- Born: 9 July 1895 Top Bank, Radcliffe, Lancashire
- Died: 22 January 1972 (aged 76) Torquay, Devon
- Allegiance: United Kingdom
- Branch: British Army
- Rank: Corporal
- Unit: The Lancashire Fusiliers
- Conflicts: World War I
- Awards: Victoria Cross

= James Hutchinson (VC) =

Recipient of the Victoria Cross

James Hutchinson VC (9 July 1895 – 22 January 1972) was an English recipient of the Victoria Cross, the highest and most prestigious award for gallantry in the face of the enemy that can be awarded to British and Commonwealth forces. He was serving with the British Army during the First World War at the time of the award.

Hutchinson was 20 years old, and a private in the 2/5th Battalion, The Lancashire Fusiliers (55th (West Lancashire) Division), British Army on 28 June 1916 when his actions in Ficheux, France earned him the Victoria Cross. His citation reads:

For most conspicuous bravery.

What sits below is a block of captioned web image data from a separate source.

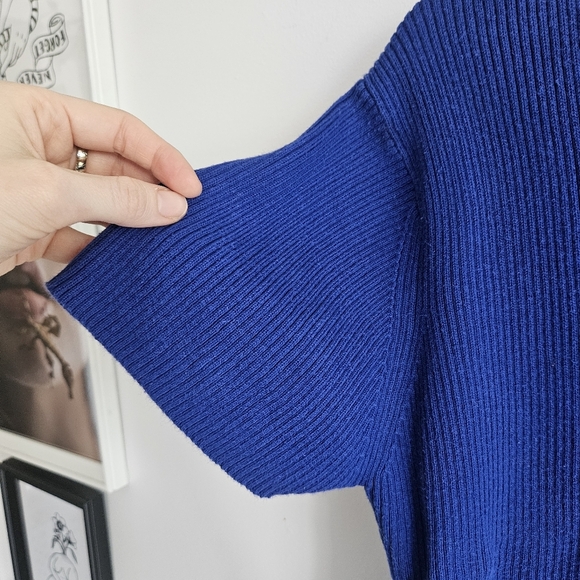 Vintage Petite Sophisticate Blue Short Sleeve Cable Knit Top - Picture 5 of 7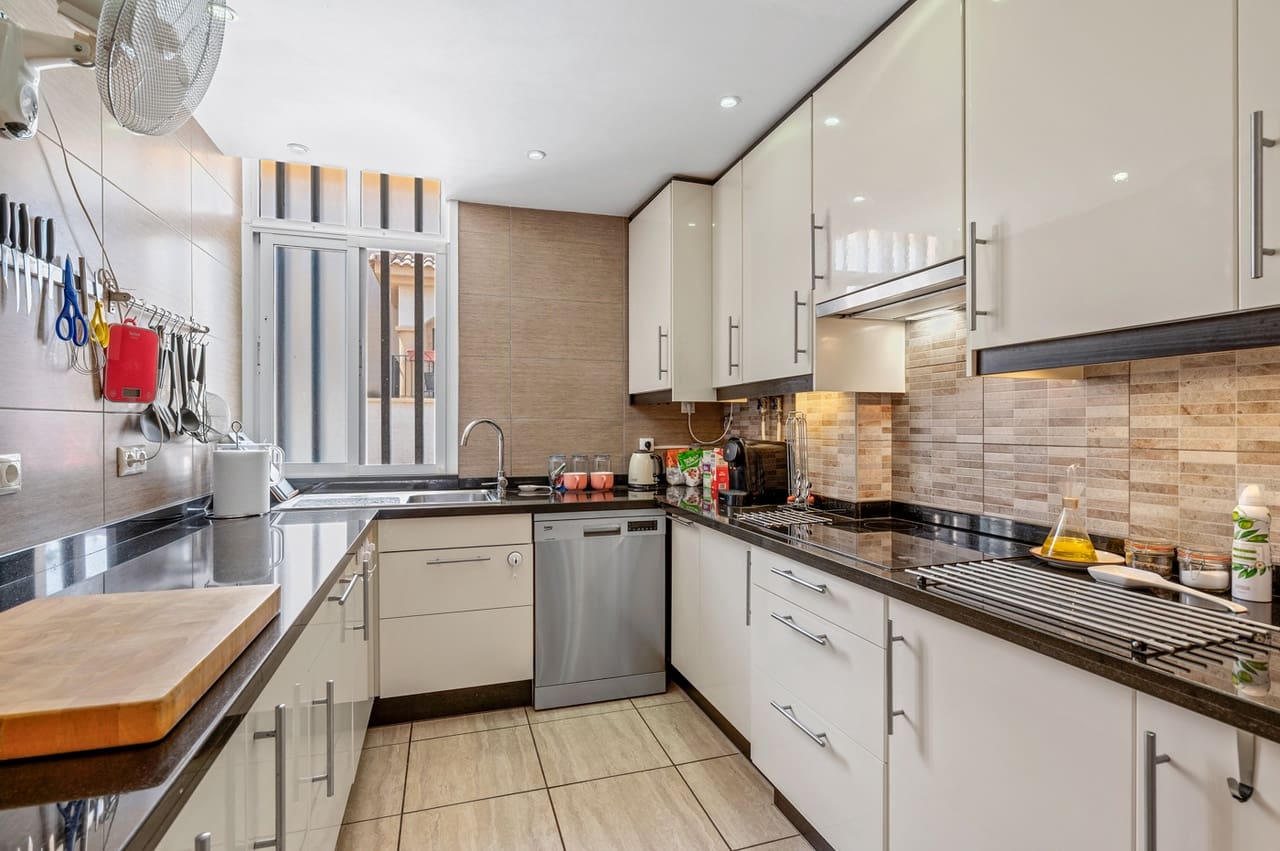 2 bedroom Townhouse for sale in San Miguel de Salinas with pool garage - € 189,500 (Ref: 9804078)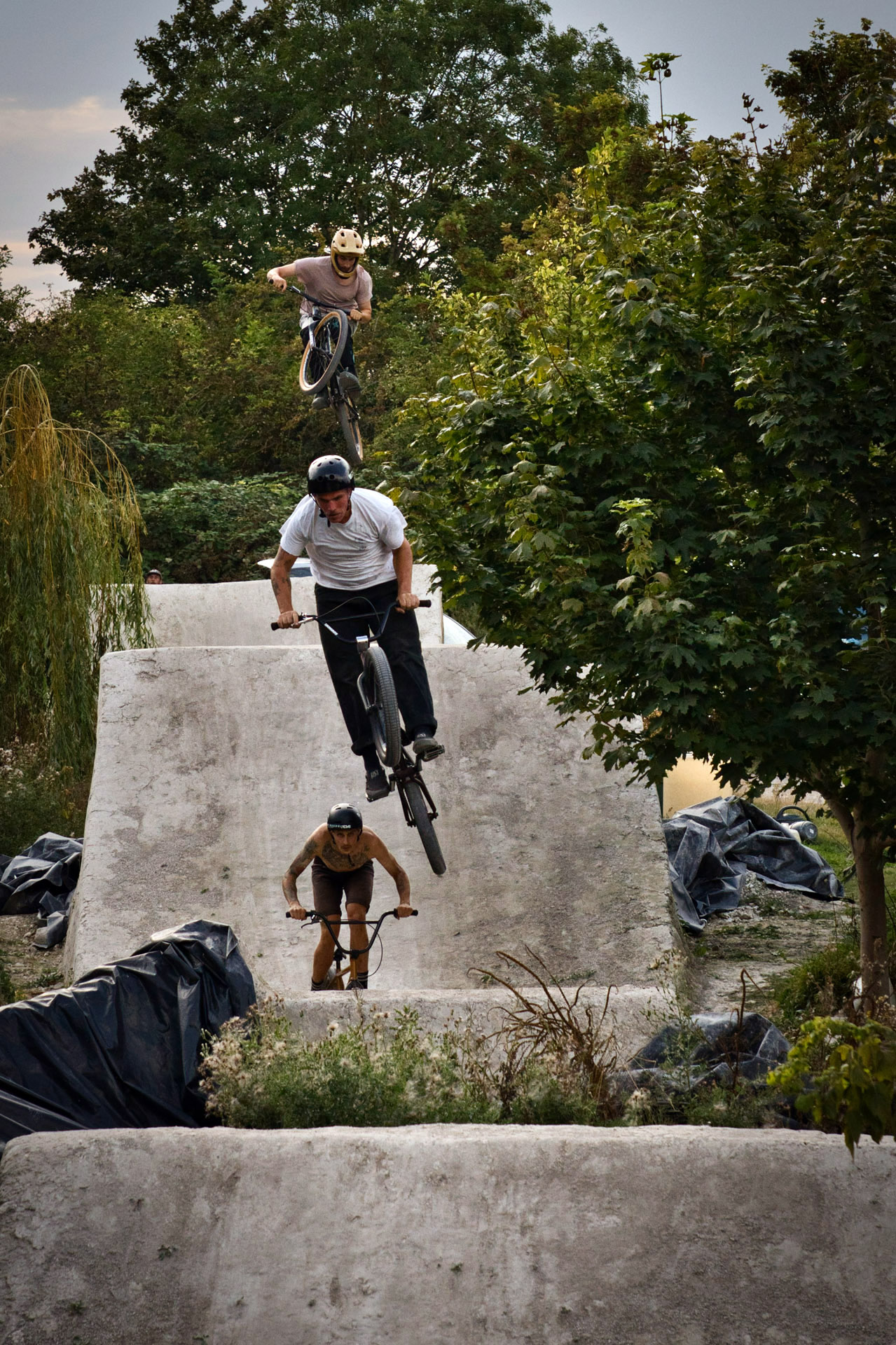 Warmfahren im Train an den Woodyard Trails mit Alessandro, Jost und Philipp "Müsli" Hanneck; Da Jost mit auf dem Foto ist, wird es wohl sein Bruder Erik geschossen haben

During an attack on the enemy's position this soldier was the leading man, and, entering their trench, shot two sentries and cleared two of the traverses.

After our object had been gained and retirement ordered, Private Hutchinson, on his own initiative, undertook the dangerous task of covering the retirement, and he did this with such gallantry and determination that the wounded were removed into safety. During all this time this gallant soldier was exposed to fierce fire from machine-guns and rifles at close quarters.

He later achieved the rank of corporal.